*** Opening of RECORDED INFORMATION ***

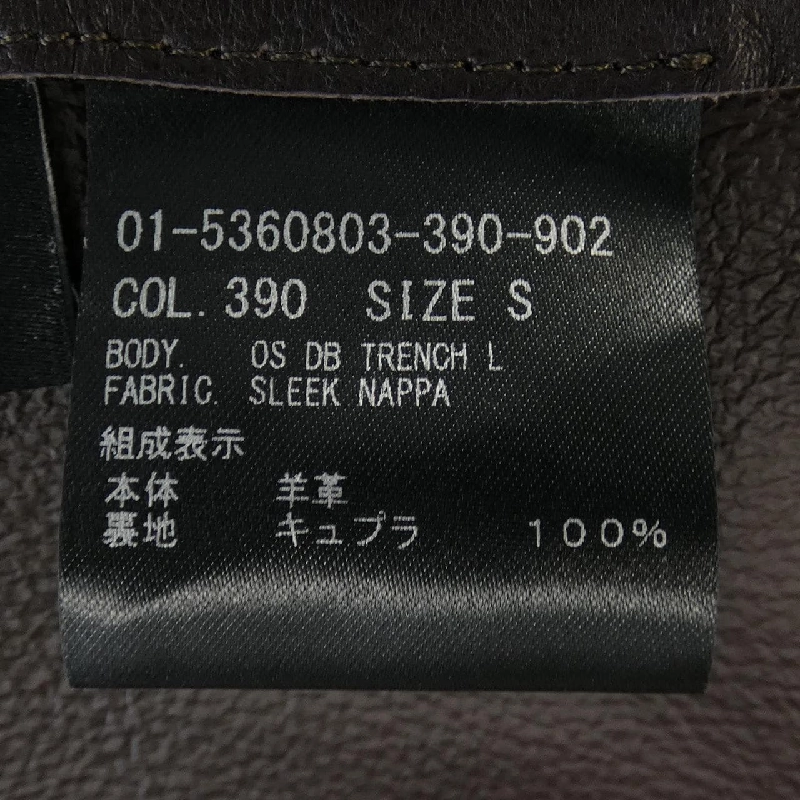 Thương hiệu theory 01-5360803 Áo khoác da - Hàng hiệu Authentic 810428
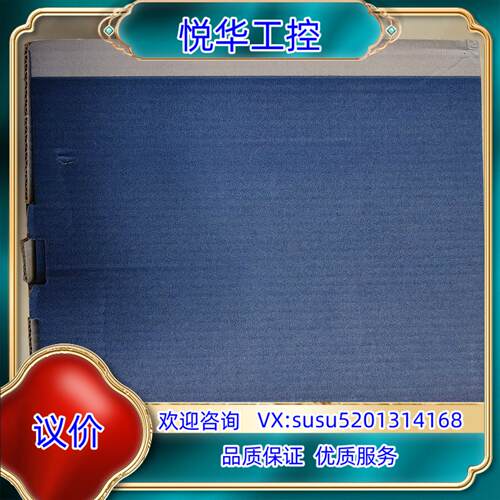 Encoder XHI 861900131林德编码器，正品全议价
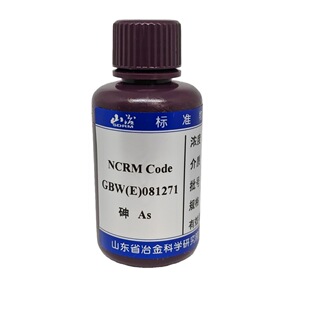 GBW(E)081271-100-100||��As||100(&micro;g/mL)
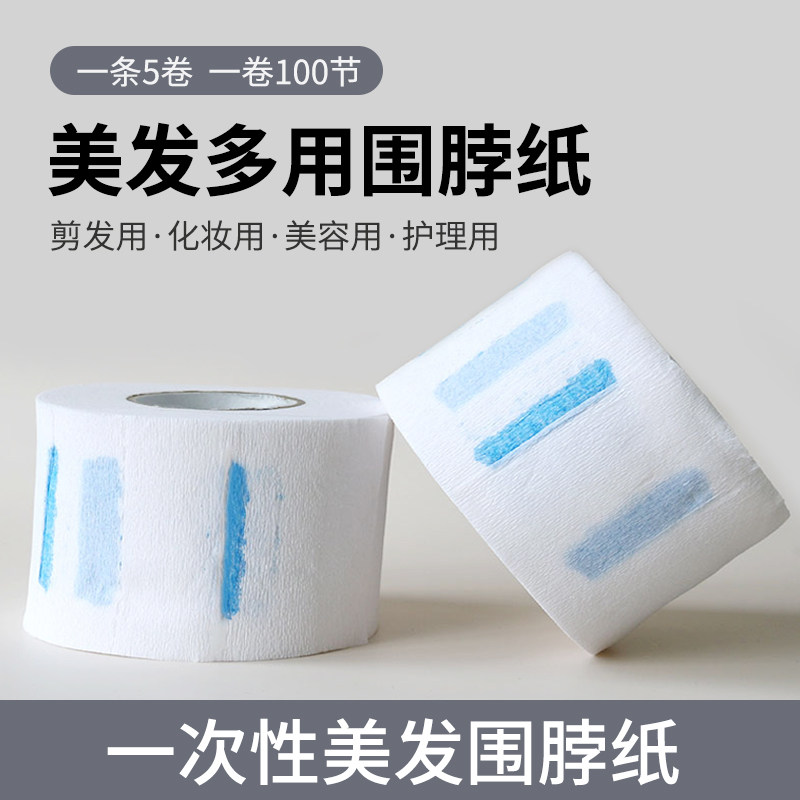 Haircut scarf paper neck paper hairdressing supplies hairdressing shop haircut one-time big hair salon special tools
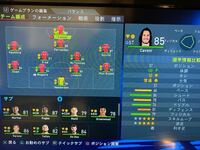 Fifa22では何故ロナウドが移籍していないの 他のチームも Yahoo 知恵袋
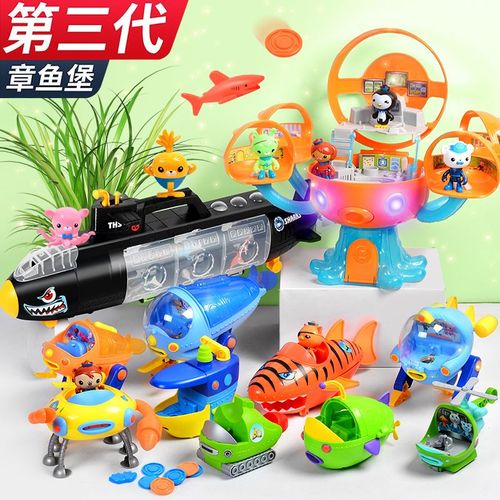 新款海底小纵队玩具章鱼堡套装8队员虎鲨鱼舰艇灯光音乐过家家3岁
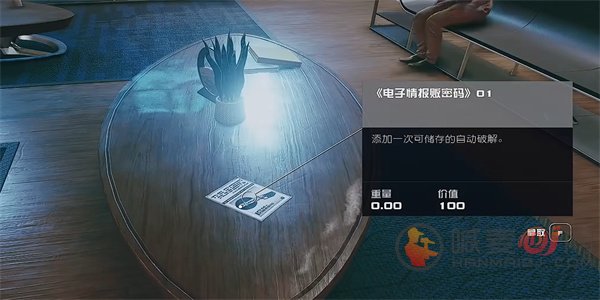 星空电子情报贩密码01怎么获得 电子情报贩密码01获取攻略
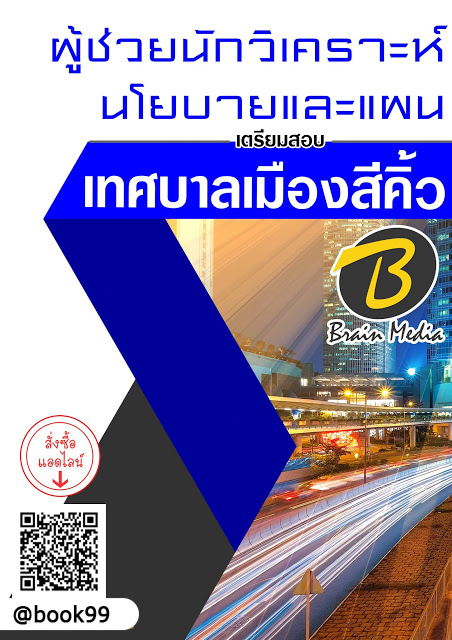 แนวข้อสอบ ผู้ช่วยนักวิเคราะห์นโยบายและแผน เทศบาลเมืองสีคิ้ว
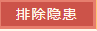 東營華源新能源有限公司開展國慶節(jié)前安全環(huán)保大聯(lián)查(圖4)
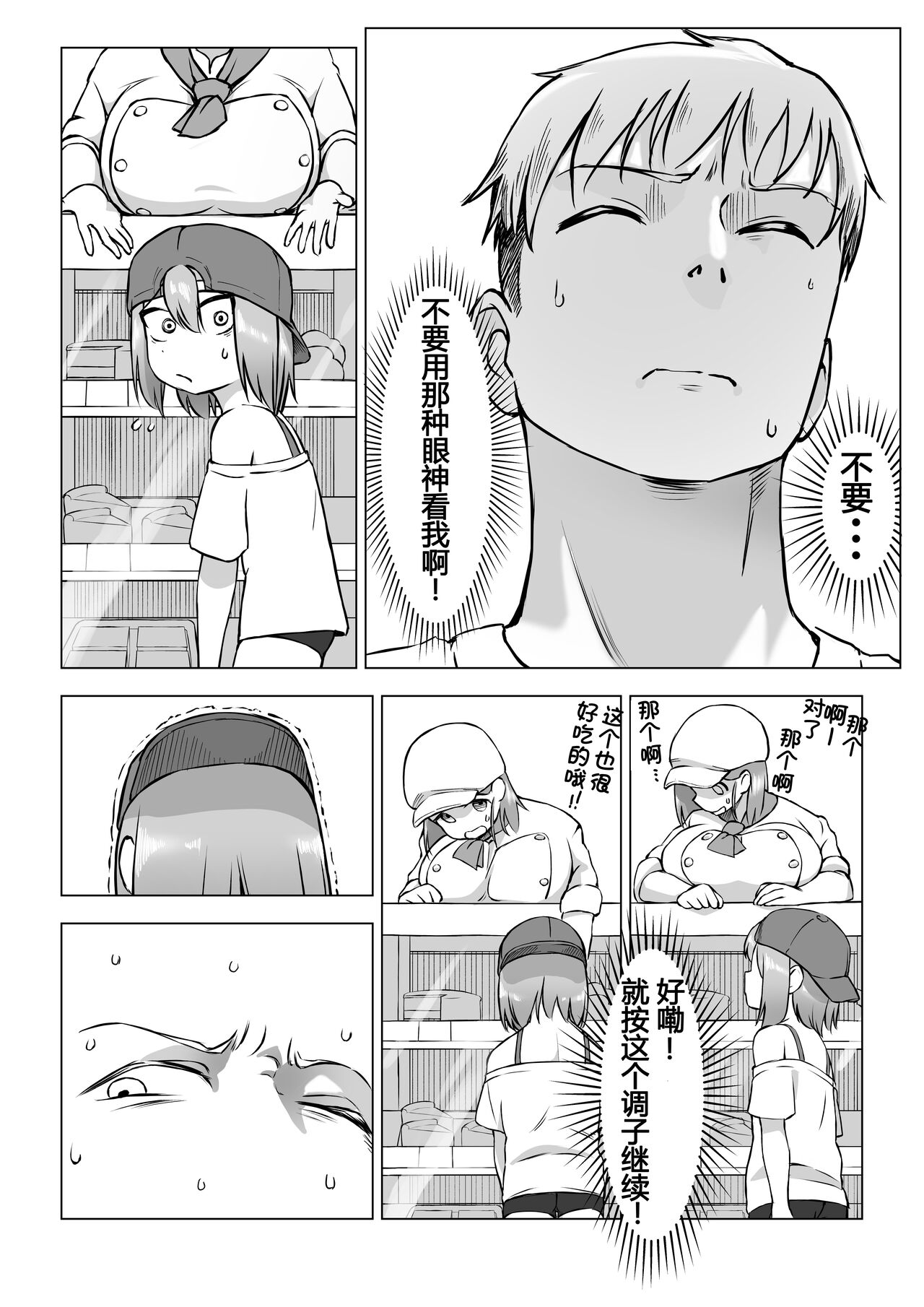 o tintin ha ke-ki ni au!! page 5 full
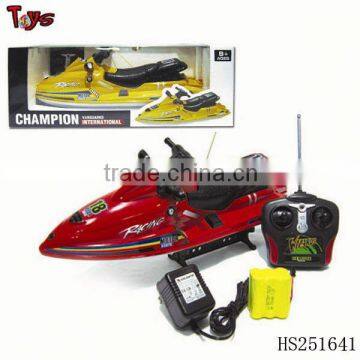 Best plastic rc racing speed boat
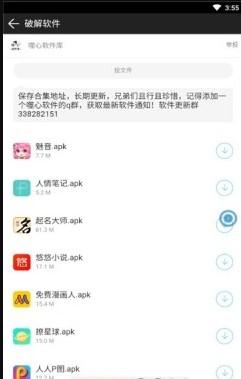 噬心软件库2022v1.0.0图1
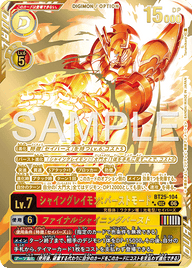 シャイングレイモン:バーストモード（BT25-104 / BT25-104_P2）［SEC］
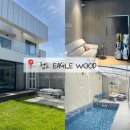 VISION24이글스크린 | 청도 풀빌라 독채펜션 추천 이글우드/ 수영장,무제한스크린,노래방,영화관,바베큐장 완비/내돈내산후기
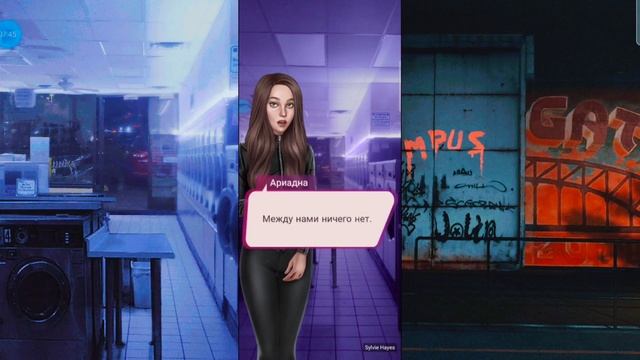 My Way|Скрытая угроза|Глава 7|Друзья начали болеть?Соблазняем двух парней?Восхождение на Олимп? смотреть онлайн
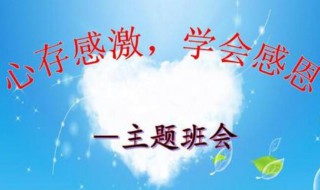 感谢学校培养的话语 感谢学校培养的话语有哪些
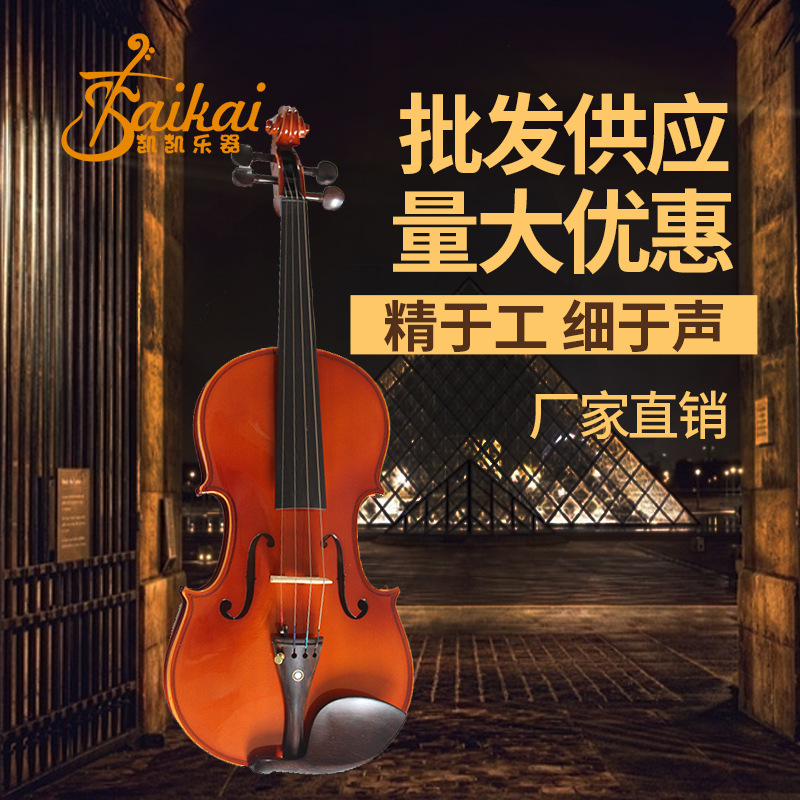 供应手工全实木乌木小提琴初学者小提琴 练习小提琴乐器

*** Close of RECORDED INFORMATION ***

Extract word for word every line from the line that contains "星空电子情报贩密码01怎么获得 电子情报贩密码01获取攻略" to the final line of the data, both included, and nothing else; skip the pictures.

- _WRITTEN ANSWER_
 星空电子情报贩密码01怎么获得 电子情报贩密码01获取攻略
 แนวข้อสอบ ผู้ช่วยนักวิเคราะห์นโยบายและแผน เทศบาลเมืองสีคิ้ว
 東營華源新能源有限公司開展國慶節(jié)前安全環(huán)保大聯(lián)查(圖4)
 o tintin ha ke-ki ni au!! page 5 full
 Best plastic rc racing speed boat
 噬心软件库2022v1.0.0图1
 シャイングレイモン:バーストモード（BT25-104 / BT25-104_P2）［SEC］
 VISION24이글스크린 | 청도 풀빌라 독채펜션 추천 이글우드/ 수영장,무제한스크린,노래방,영화관,바베큐장 완비/내돈내산후기
 My Way|Скрытая угроза|Глава 7|Друзья начали болеть?Соблазняем двух парней?Восхождение на Олимп? смотреть онлайн
 感谢学校培养的话语 感谢学校培养的话语有哪些
 供应手工全实木乌木小提琴初学者小提琴 练习小提琴乐器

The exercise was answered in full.